■ **TASK STATEMENT**
All pictures are to be skipped; retype only the lines from the top of the entries through the line with "Caixa em Linho", both included.

■ **GIVEN DATA**
•••

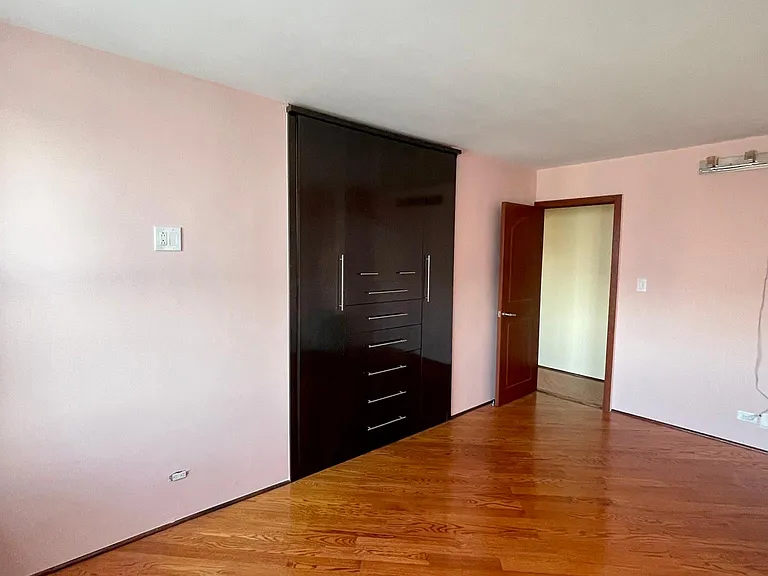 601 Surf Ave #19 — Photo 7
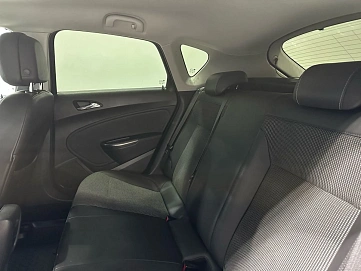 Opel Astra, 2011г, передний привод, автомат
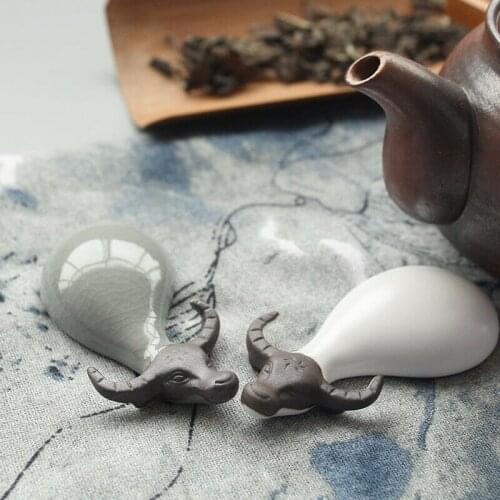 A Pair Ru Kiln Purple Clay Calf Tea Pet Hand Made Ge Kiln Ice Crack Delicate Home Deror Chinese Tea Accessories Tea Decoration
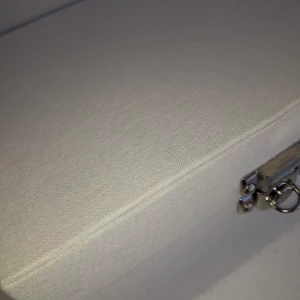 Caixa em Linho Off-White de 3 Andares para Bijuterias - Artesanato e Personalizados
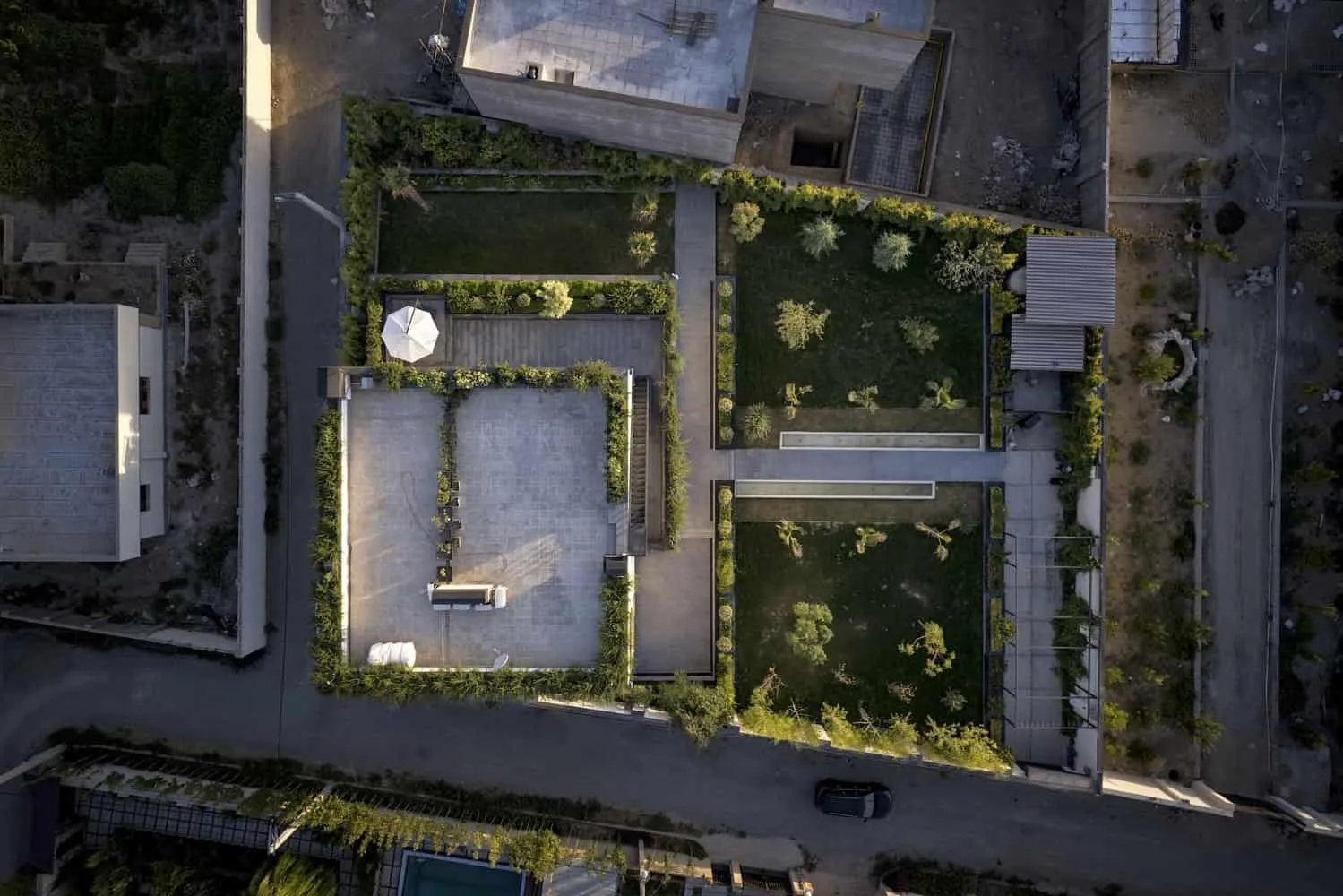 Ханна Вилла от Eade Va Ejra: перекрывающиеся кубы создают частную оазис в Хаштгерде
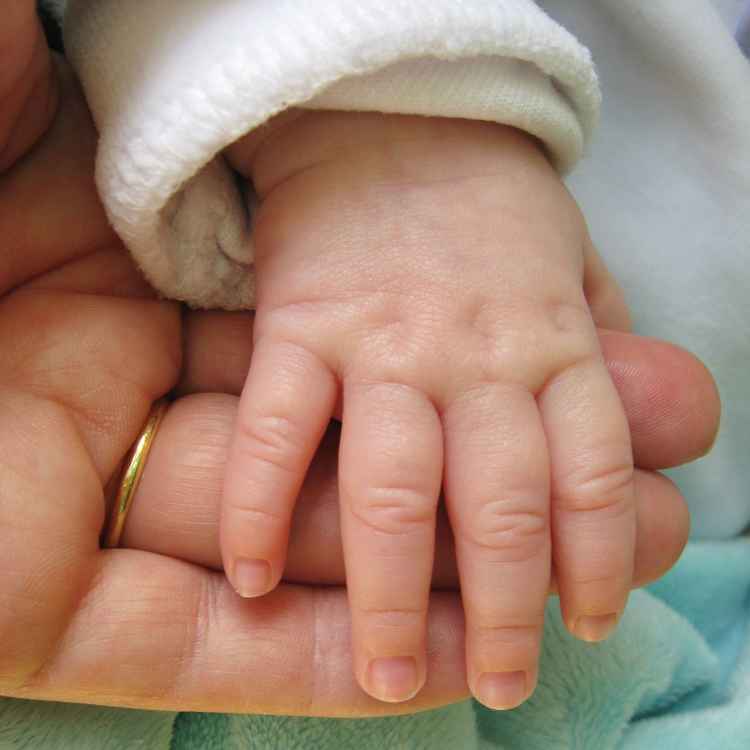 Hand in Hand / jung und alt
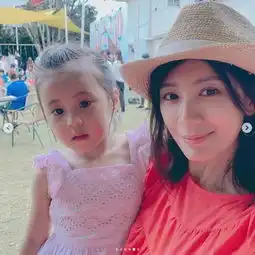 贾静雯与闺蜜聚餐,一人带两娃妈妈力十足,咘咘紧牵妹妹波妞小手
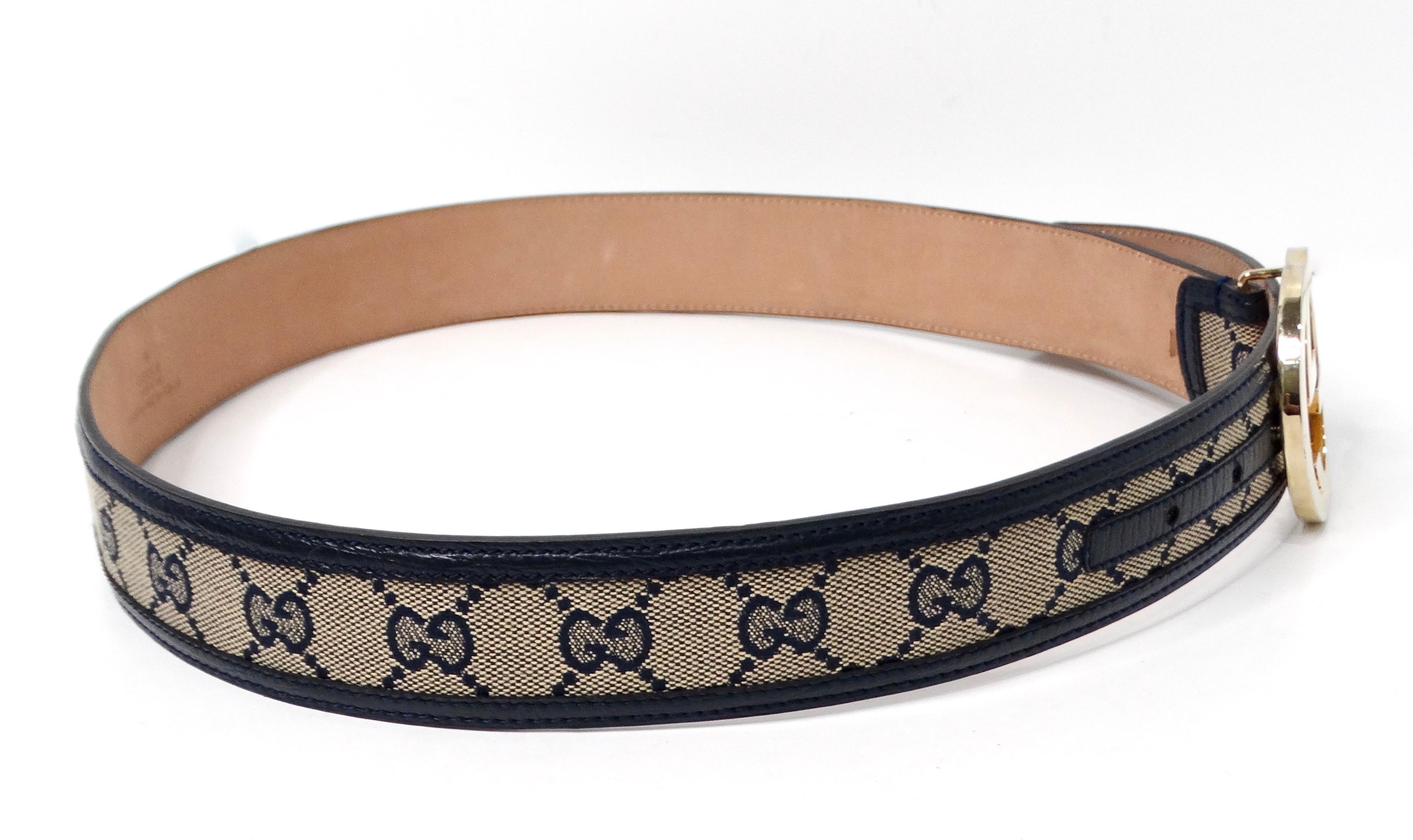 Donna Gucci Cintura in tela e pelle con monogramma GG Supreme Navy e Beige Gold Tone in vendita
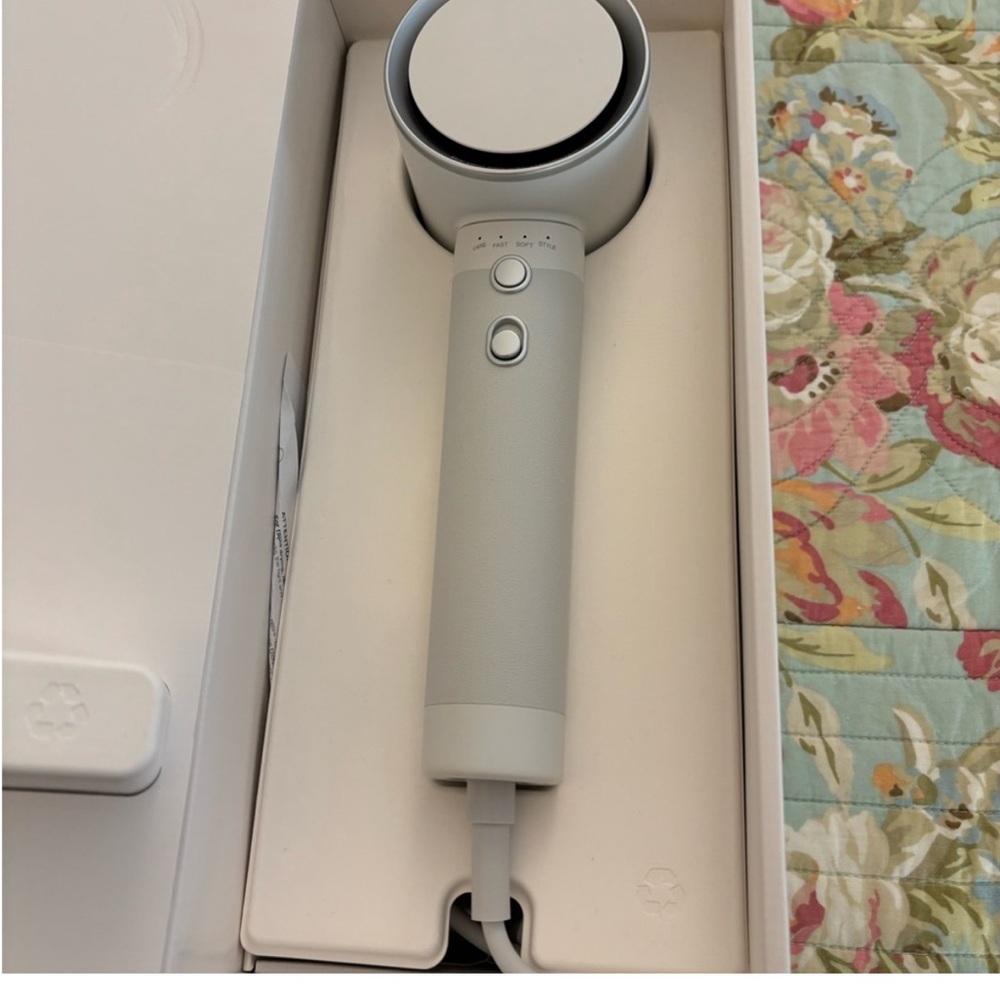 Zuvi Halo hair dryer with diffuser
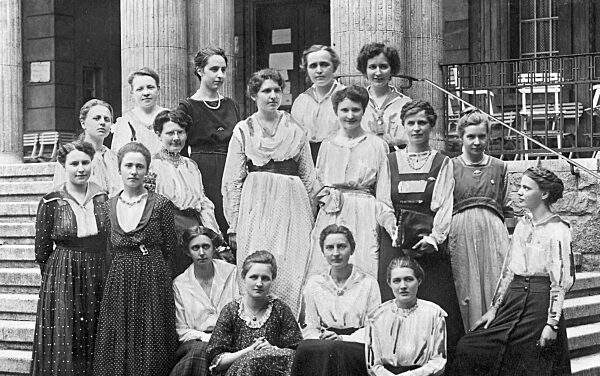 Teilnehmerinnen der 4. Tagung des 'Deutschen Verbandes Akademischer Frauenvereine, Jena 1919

•••

■ **TASK RESULT**
 601 Surf Ave #19 — Photo 7
 Opel Astra, 2011г, передний привод, автомат
 A Pair Ru Kiln Purple Clay Calf Tea Pet Hand Made Ge Kiln Ice Crack Delicate Home Deror Chinese Tea Accessories Tea Decoration
 Caixa em Linho Off-White de 3 Andares para Bijuterias - Artesanato e Personalizados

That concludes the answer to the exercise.